Um presente infinito, um silêncio e, de novo, aquela voz do tempo que não quero perder.
Saudade.
Acenei pra quem me acompanhou com os olhos do outro lado da cidade, além da ponte principal, dos cargueiros, da avenida de nome estranho.
Pena de quem nunca esteve lá e depois, em cada despedida, saudando o sol, no caminho das pedras, até a Penha e sua romaria.
Saudade da presença de Sofia, a avó dos tempos todos.
Do cheiro de flor e de amoras. Dos retratos, das imagens fugidias, da vista e das pistas no trajeto, da orquídea, das caranguejeiras, da meditação na rocha, do terço e de todo o restante de lugar, do sagrado à escadaria.
Do píer, da marina, da restinga, da prainha com ondas breves, de molhar os pés no cais.
Da orla iluminada e do píer de Camburi.
Das tartarugas que não vi, dos patins e até da Cebola que só vislumbrei pelo portão.
Não há tempo como este que volte, então...gratidão.
Eu vim de longe, do outro lado desta terra, além das missões, por isso a falta que sinto deste mar vasto.
Da pesca, dos siris e até da noite chuvosa de verão.
Às vezes eu só queria descansar, deitar no ombro deste tempo, entrelaçar os dedos, morder meus próprios lábios, receber um tagaté, ser quase um.
E, assim, ia vendo o céu se pondo vermelho de sol, filho eu da eternidade, com vento sobre os pés, perdendo a hora e o lugar. Sem destino, um tanto sozinho, dançando com a solidão e acordando noutro instante da imensidão.
Tomei banho de phebo, raspei os pelos com navalha, juntei as frutas, o biscoito, o olho grego, calcei os tênis, vesti a primeira camiseta puída que encontrei na mochila de viagem, botei a calça clara e segurei o agasalho com o cheiro de sempre.
No dia último, nenhum alento, nenhum sopro, nenhuma declaração universal.
Da janela do ônibus, uma constatação final, cheia de soluço, saudade e gratidão: despedida eu vim. Bem se diz que todo Carnaval tem seu fim.

Marco Antonio Jardim Melo

sábado, 15 de fevereiro de 2014

OS SINAIS - Número 65


De quando tive a consciência despertada para o sentido da espiritualidade, até hoje, mesmo que estacionado em algumas práticas, percebo sinais.
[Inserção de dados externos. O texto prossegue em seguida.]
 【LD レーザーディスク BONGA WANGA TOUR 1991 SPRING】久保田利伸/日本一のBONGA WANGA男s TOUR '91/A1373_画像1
E eles me percebem também.
É um fenômeno presente, um vestígio do que se pensa, do que se quer, um artigo de fé.
Uma mancha na pele, uma cicatriz. Um aceno, um gesto.
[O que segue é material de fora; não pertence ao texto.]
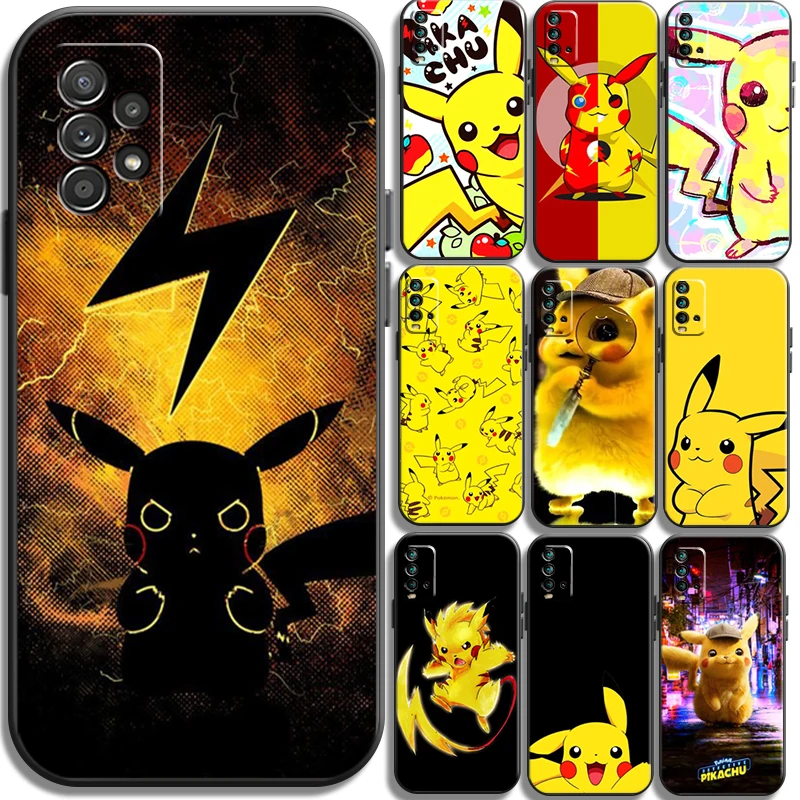

Pokémon Pikachu Phone Cases For Xiaomi Redmi POCO X3 GT X3 Pro M3 POCO M3 Pro X3 NFC X3 Mi 11 Mi 11 Lite Carcasa Funda Coque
Uma etiqueta para fora na camisa do principesco, uma assinatura cursiva.
Ou qualquer outra manifestação que pareça presságio, prenúncio.
É também o futuro. "O futuro não é um lugar que se chega. É um lugar que se constroi", alguém disse, como um sinal.
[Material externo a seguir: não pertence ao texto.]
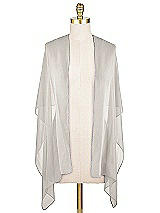 Front View Thumbnail - Oyster Sheer Crepe Stole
Estes lugares são como postes de luz e advertências para mim.
Um gato na porta do meu quarto. Uma borboleta na ponta do guarda-roupa. A estranha deferência com que minha mãe arruma meus pertences. Um agasalho que não perde o cheiro, deixando as coisas visíveis. Uma sensação sentida ao mesmo tempo em dois lugares diferentes por duas pessoas que se amam.
As mensagens do dia que me aparecem em trechos de revista, páginas de agenda, pedacinhos de papel.
O mundo inteiramente meu criado nos sonhos, nos desdobramentos, com vozes sussurrando: "tu vens, tu vens, eu já escuto os teus sinais".
E eu não duvido, apesar de, por hora, quase esquecer.
É como o nascer do sol no horizonte de uma manhã de domingo, ou mesmo o pôr do sol fotografado da janela do corredor (fotografia perdida no celular assaltado, mas memória em sinal permanente).
O deus Sol egípcio, Amon-Rá. Diz-se que ele abria as pálpebras, o dia despertava e se espreguiçava. Daí ele se vestia, ia para a barca de ouro e seguia, silencioso, pelo oceano, distribuindo luz e calor. Mesmo que ele chorasse, suas lágrimas eram sinais de boa sorte aos homens, ao mundo.
O dia amanhecendo é uma bela marca e um meio para sorrir. E para trasladar em palavras, como fez Leminski: "Uma semana, um mês, um ano não dão para a saída. Nada passa igual a um dia".
Nesta soma de dias (ou os últimos cinco meses, pra ser mais preciso), de sinais, como o dobre dos sinos ainda não finado, caiu a chuva, caíram pitangas, e, agora mesmo, enquanto escrevo, é um sinal que eu tenha encontrado uma imagem em que minhas mãos se juntam em oração.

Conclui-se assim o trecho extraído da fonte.